Every entry must be reproduced word for word.
Data provided START
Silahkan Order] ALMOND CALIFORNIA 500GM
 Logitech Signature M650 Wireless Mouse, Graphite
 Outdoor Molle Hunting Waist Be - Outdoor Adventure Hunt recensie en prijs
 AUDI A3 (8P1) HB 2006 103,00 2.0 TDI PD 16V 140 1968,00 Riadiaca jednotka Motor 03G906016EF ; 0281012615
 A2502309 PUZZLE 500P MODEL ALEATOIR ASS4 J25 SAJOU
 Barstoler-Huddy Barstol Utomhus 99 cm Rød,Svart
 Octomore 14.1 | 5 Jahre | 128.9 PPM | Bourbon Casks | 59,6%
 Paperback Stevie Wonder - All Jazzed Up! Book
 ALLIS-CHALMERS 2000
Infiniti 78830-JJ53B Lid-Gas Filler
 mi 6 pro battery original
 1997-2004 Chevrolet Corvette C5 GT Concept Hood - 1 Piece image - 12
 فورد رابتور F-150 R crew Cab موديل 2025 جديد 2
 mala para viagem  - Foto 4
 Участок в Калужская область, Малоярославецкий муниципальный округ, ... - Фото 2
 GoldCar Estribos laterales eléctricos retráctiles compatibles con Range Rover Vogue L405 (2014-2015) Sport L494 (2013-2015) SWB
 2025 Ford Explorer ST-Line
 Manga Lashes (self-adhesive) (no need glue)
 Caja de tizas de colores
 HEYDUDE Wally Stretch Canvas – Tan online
Data provided END
# Response box
Silahkan Order] ALMOND CALIFORNIA 500GM
 Logitech Signature M650 Wireless Mouse, Graphite
 Outdoor Molle Hunting Waist Be - Outdoor Adventure Hunt recensie en prijs
 AUDI A3 (8P1) HB 2006 103,00 2.0 TDI PD 16V 140 1968,00 Riadiaca jednotka Motor 03G906016EF ; 0281012615
 A2502309 PUZZLE 500P MODEL ALEATOIR ASS4 J25 SAJOU
 Barstoler-Huddy Barstol Utomhus 99 cm Rød,Svart
 Octomore 14.1 | 5 Jahre | 128.9 PPM | Bourbon Casks | 59,6%
 Paperback Stevie Wonder - All Jazzed Up! Book
 ALLIS-CHALMERS 2000
Infiniti 78830-JJ53B Lid-Gas Filler
 mi 6 pro battery original
 1997-2004 Chevrolet Corvette C5 GT Concept Hood - 1 Piece image - 12
 فورد رابتور F-150 R crew Cab موديل 2025 جديد 2
 mala para viagem  - Foto 4
 Участок в Калужская область, Малоярославецкий муниципальный округ, ... - Фото 2
 GoldCar Estribos laterales eléctricos retráctiles compatibles con Range Rover Vogue L405 (2014-2015) Sport L494 (2013-2015) SWB
 2025 Ford Explorer ST-Line
 Manga Lashes (self-adhesive) (no need glue)
 Caja de tizas de colores
 HEYDUDE Wally Stretch Canvas – Tan online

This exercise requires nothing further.